[Data below]:
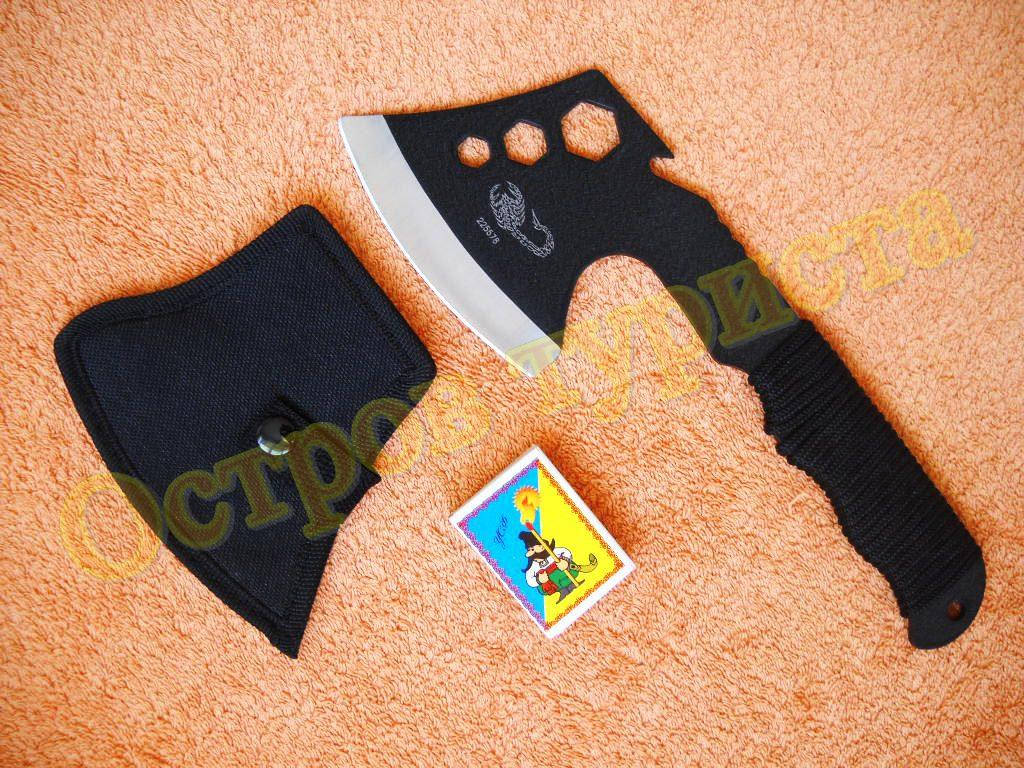 

Топор тактический туристический метательный Scorpion с чехлом, Черный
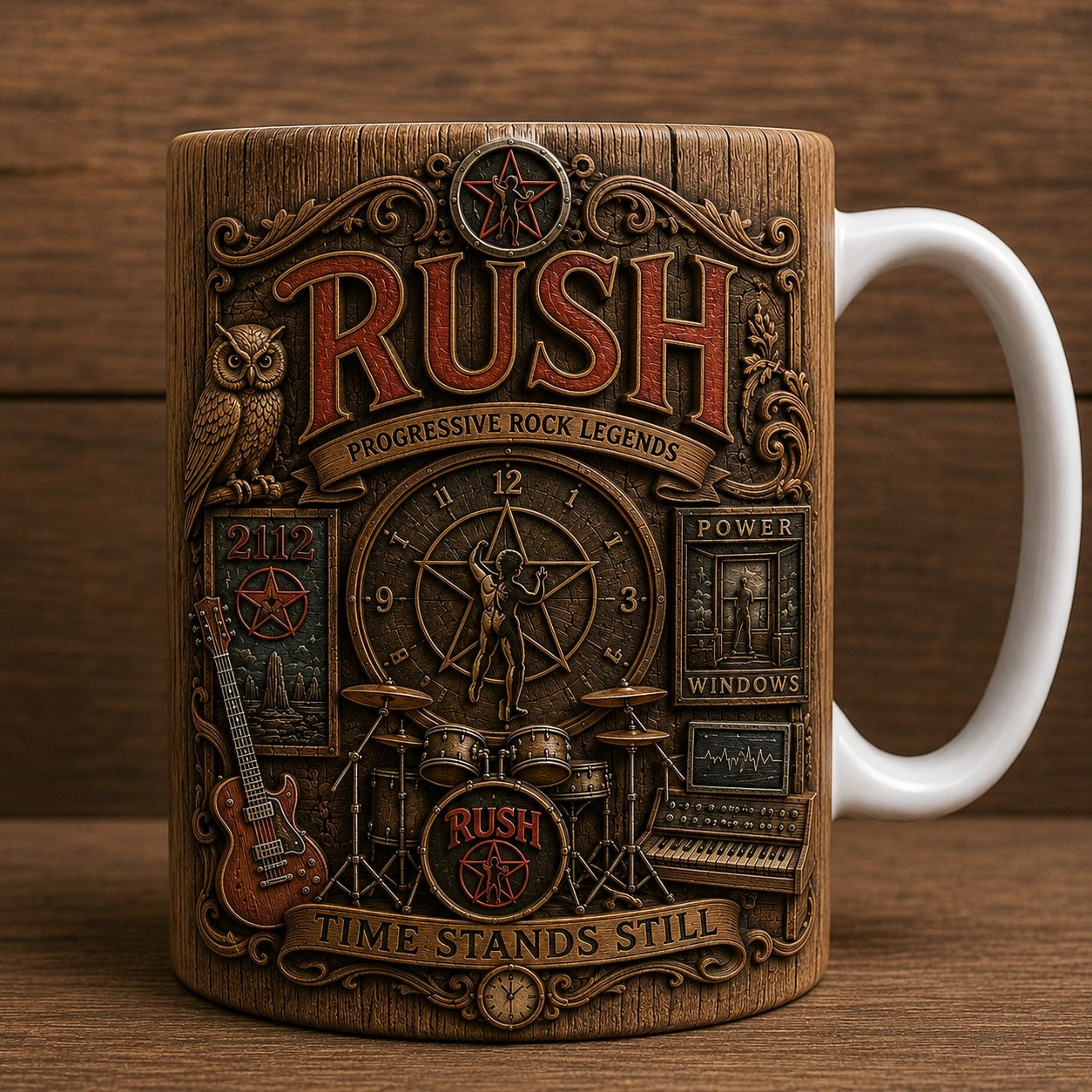 Rush Vintage Wood Style Mug – Rush Progressive Rock Ceramic Coffee Mug, Classic Music Fan Gift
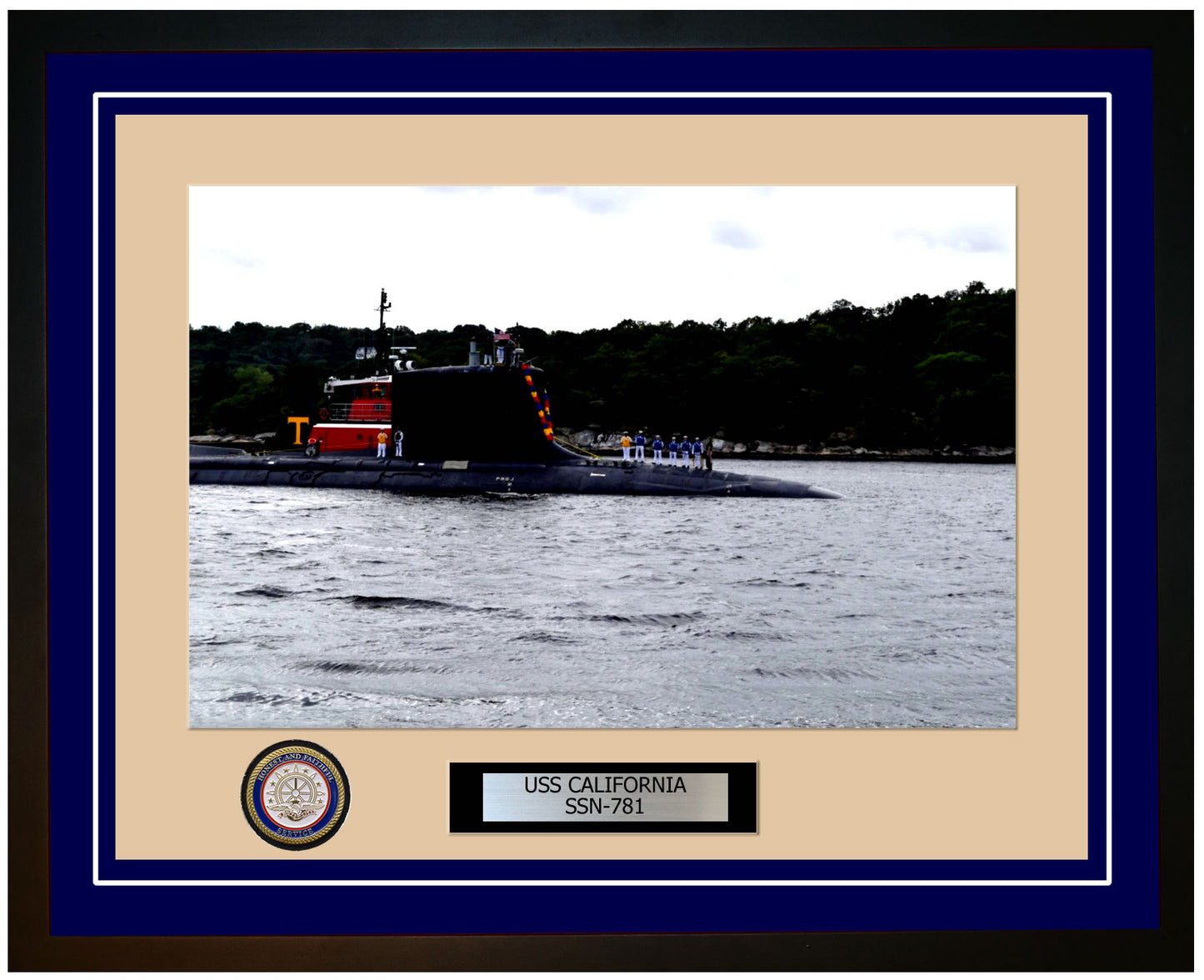USS California SSN-781 Framed Navy Ship Photo Blue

[Task description]: Since the pictures are not wanted, repeat only the rest of the material, exactly as given.

[Written answer]:
Топор тактический туристический метательный Scorpion с чехлом, Черный
 Rush Vintage Wood Style Mug – Rush Progressive Rock Ceramic Coffee Mug, Classic Music Fan Gift
USS California SSN-781 Framed Navy Ship Photo Blue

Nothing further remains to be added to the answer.